Virgin Galactic has recently endured a rocky road financially, with substantial losses in the last two quarters, but is intent on pushing ahead with the development of next-gen aviation technologies – this time with NASA onboard. The company has today announced a new partnership with the space agency, which will see the two work together to accelerate the age of high-speed vehicles for commercial aviation.
Back In February, Virgin Galactic launched a new program to secure reservations for its first suborbital flights via US$1,000 deposits, with 400 folks making the downpayment since. This came as the company reported a $73-million loss in the final quarter of 2019, which has been followed by a $60-million loss in the first quarter of 2020.
While it hopes demand among tourists wanting to travel to the edge of space can continue to address revenue shortages, the company is simultaneously setting its sights a little closer to home. The new Space Act Agreement with NASA, which also includes Virgin Galactic subsidiary The Spaceship Company, is geared toward producing high-Mach vehicles for potential civil applications in the US, with the company hoping to tap into the agency’s expertise in engineering and flight testing to that end.
“This Space Act Agreement will enable NASA to collaborate with Virgin Galactic and The Spaceship Company to allow our organizations to take advantage of new tools, techniques, and technologies developed over the last 50 years and to explore potential new solutions for the commercial aviation industry,” says Dr. James Kenyon, Director of the NASA Aeronautics Advanced Air Vehicles Program.

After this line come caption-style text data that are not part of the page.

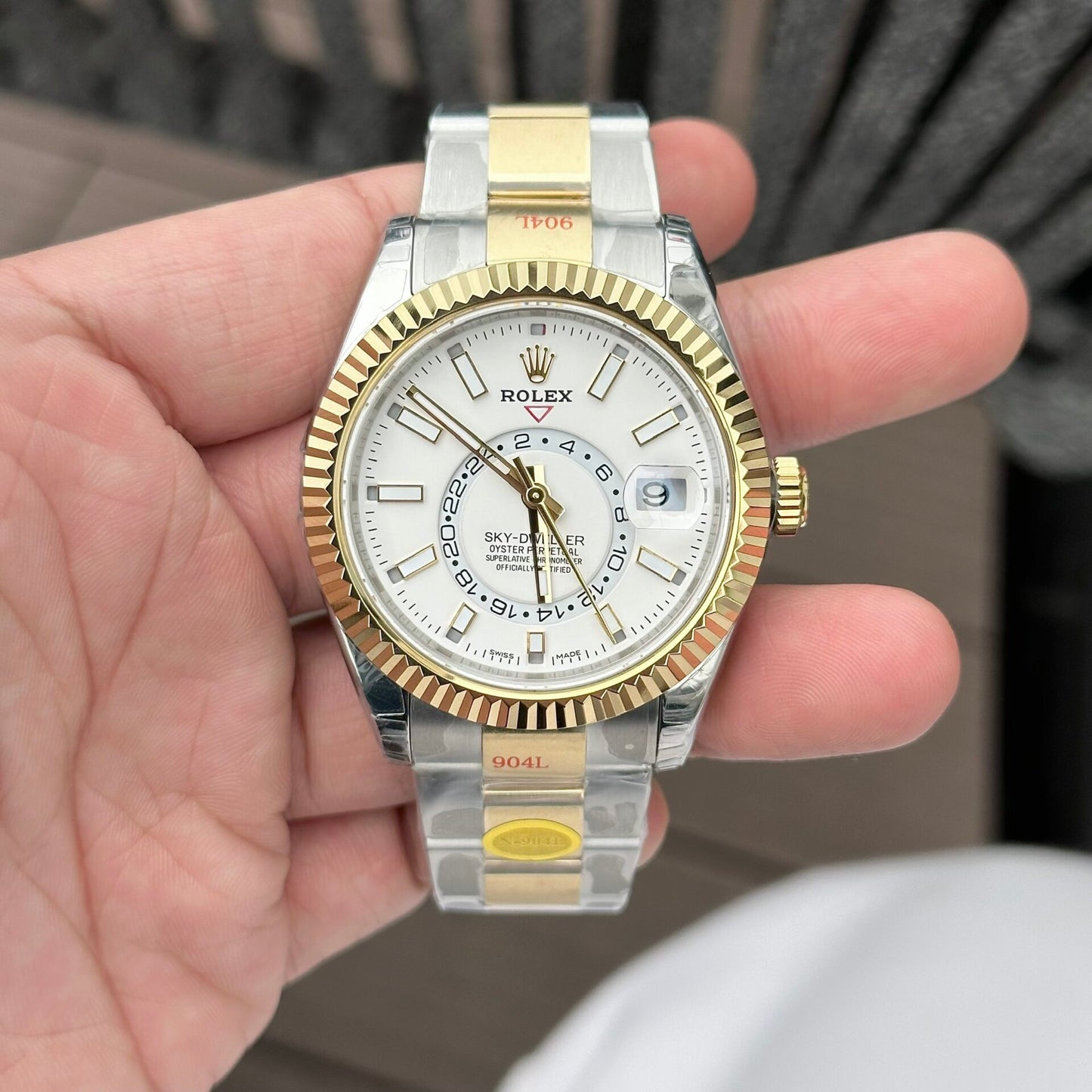 Rolex Sky-Dweller Replica Watch White Dial Demi Oyster Strap Noob Factory 41mm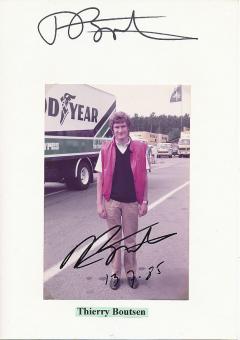 2  x  Thierry Boutsen  Formel 1  Auto Motorsport  Autogramm Foto + Karte  original signiert 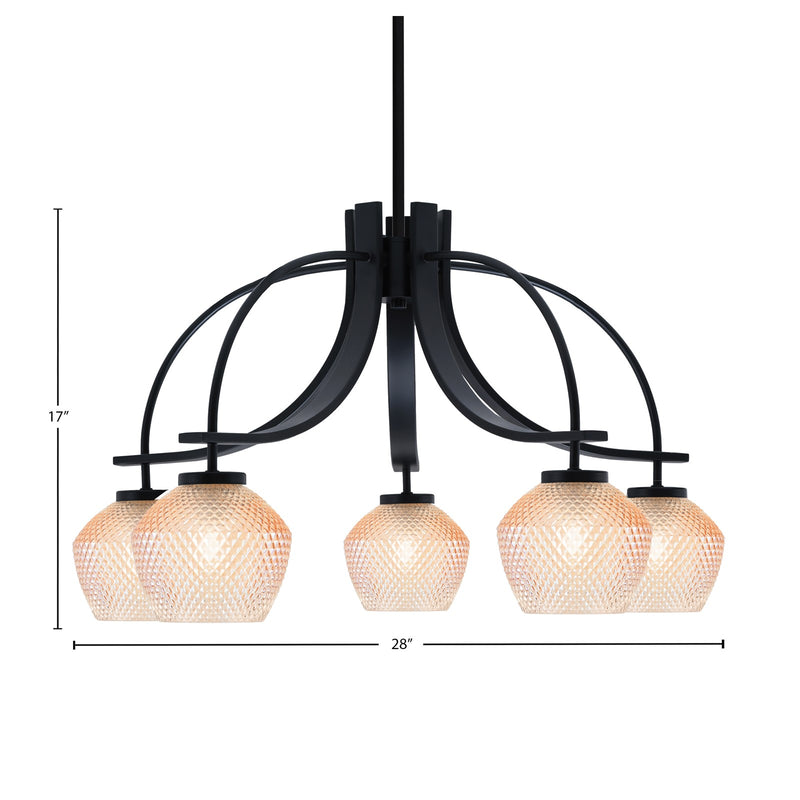Toltec Cavella 28in 5-Light Downlight Chandelier | Modern Matte Black Steel and Amber Textured Glass | Dining Room & Kitchen Island | 28 x 28 x 17 in | Model 3925-MB-4623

According to Virgin Galactic, the collaboration will seek to develop develop high-speed air vehicles for point-to-point travel in the US, with a big focus on customer experience and environmental sustainability.
“Virgin Galactic’s unique experience and innovative technology platform will, in partnership with the historic capabilities of NASA and other government agencies, enable the progression of new technical steps that will improve US competitiveness,” says George Whitesides, CEO of Virgin Galactic Holdings. “We see this as an area with tremendous growth potential that we will continue to invest in, alongside our commercial spaceflight operations.”